RECORDS SUPPLIED >>
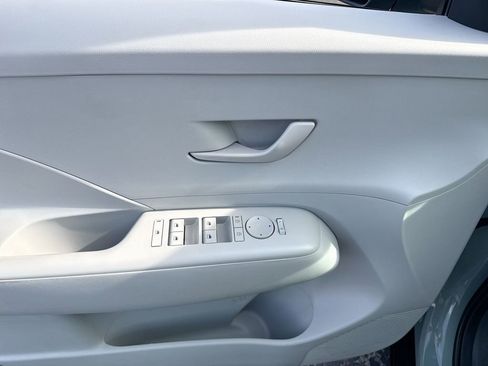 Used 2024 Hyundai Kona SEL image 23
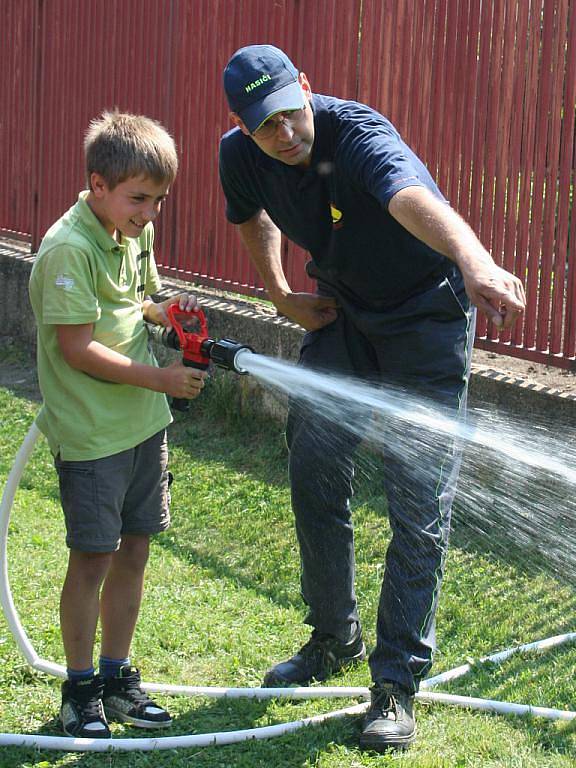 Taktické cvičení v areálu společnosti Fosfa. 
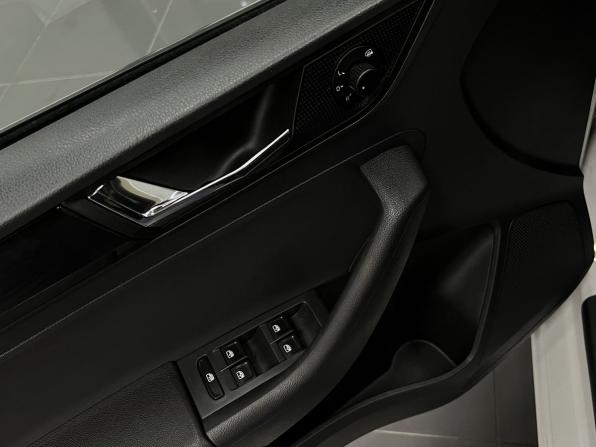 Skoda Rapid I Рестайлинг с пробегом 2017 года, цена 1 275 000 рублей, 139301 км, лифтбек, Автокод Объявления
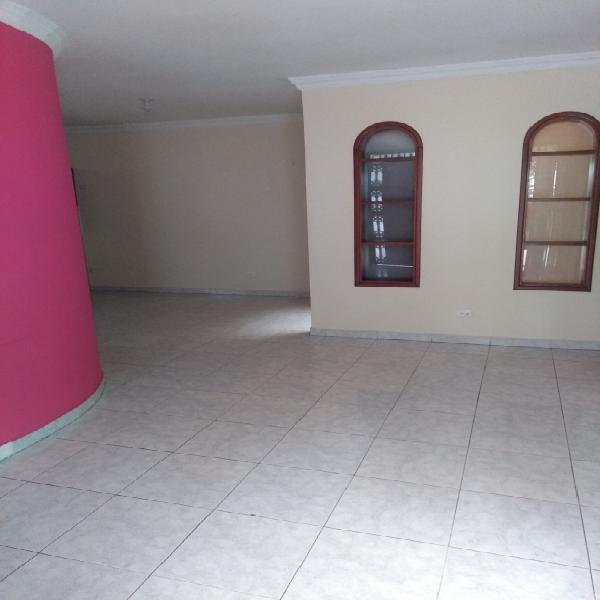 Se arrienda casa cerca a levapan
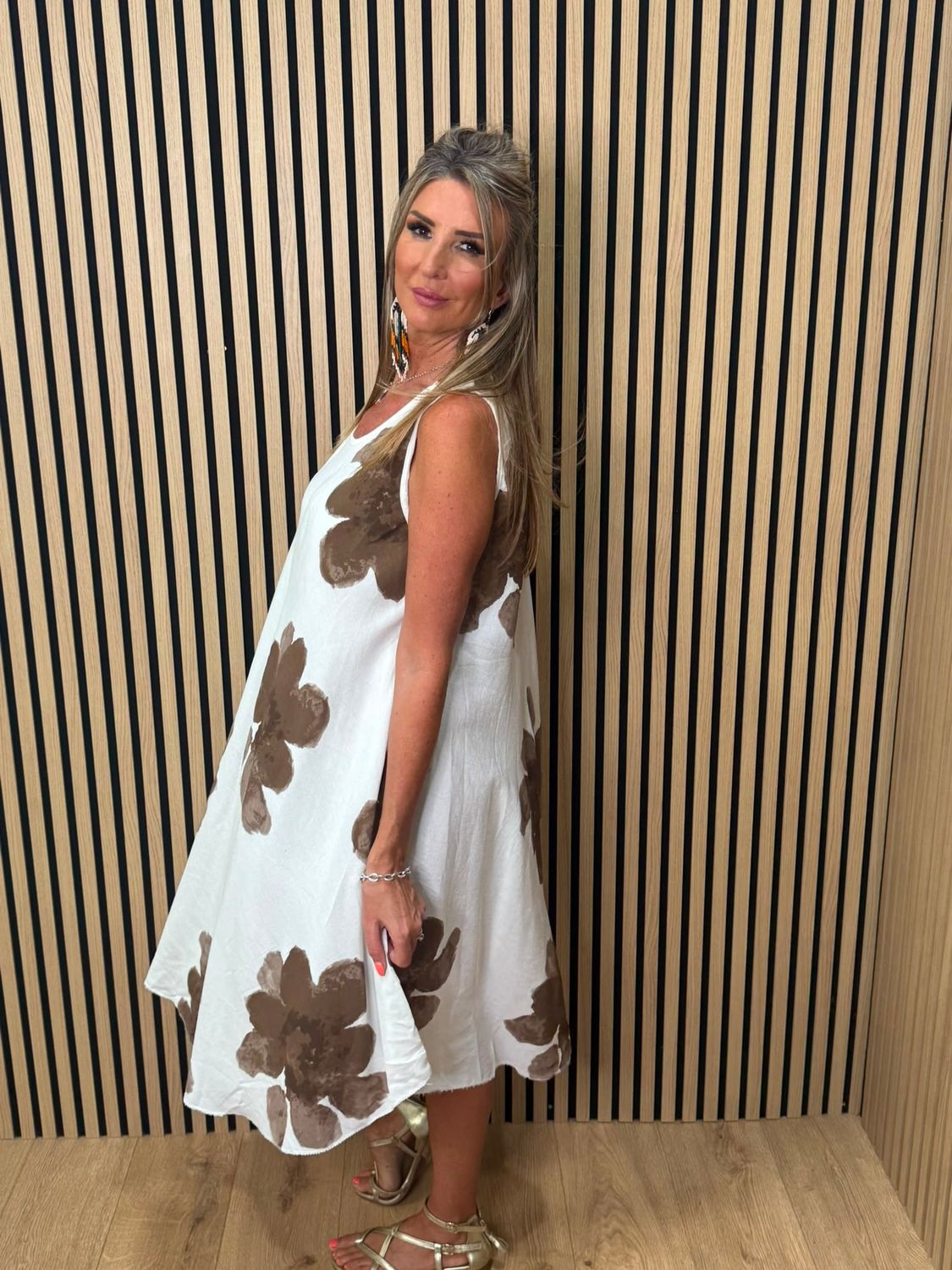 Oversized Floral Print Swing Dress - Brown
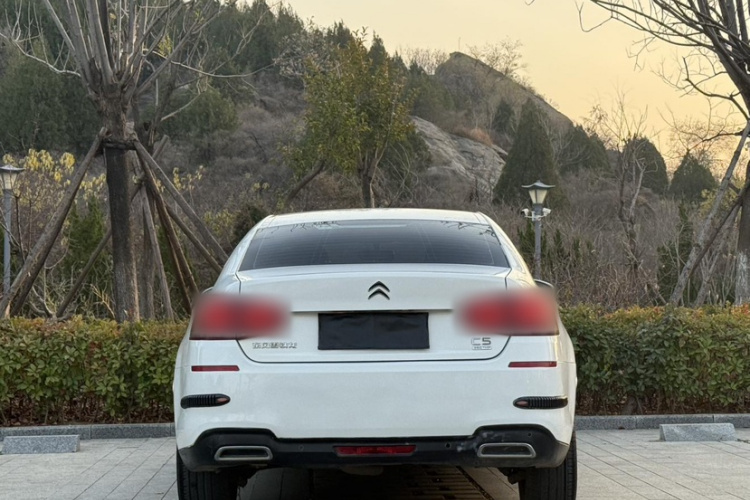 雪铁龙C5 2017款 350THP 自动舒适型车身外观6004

TASK TO CARRY OUT >> Range to copy from the listing above: the line containing "Taktické cvičení v" down to the line containing "Oversized Floral Print Swing Dress - Brown", both included. Reproduce it exactly, minus the pictures, and add nothing.

REPLY TO THE EXERCISE >>
 Taktické cvičení v areálu společnosti Fosfa. 
 Skoda Rapid I Рестайлинг с пробегом 2017 года, цена 1 275 000 рублей, 139301 км, лифтбек, Автокод Объявления
 Se arrienda casa cerca a levapan
 Oversized Floral Print Swing Dress - Brown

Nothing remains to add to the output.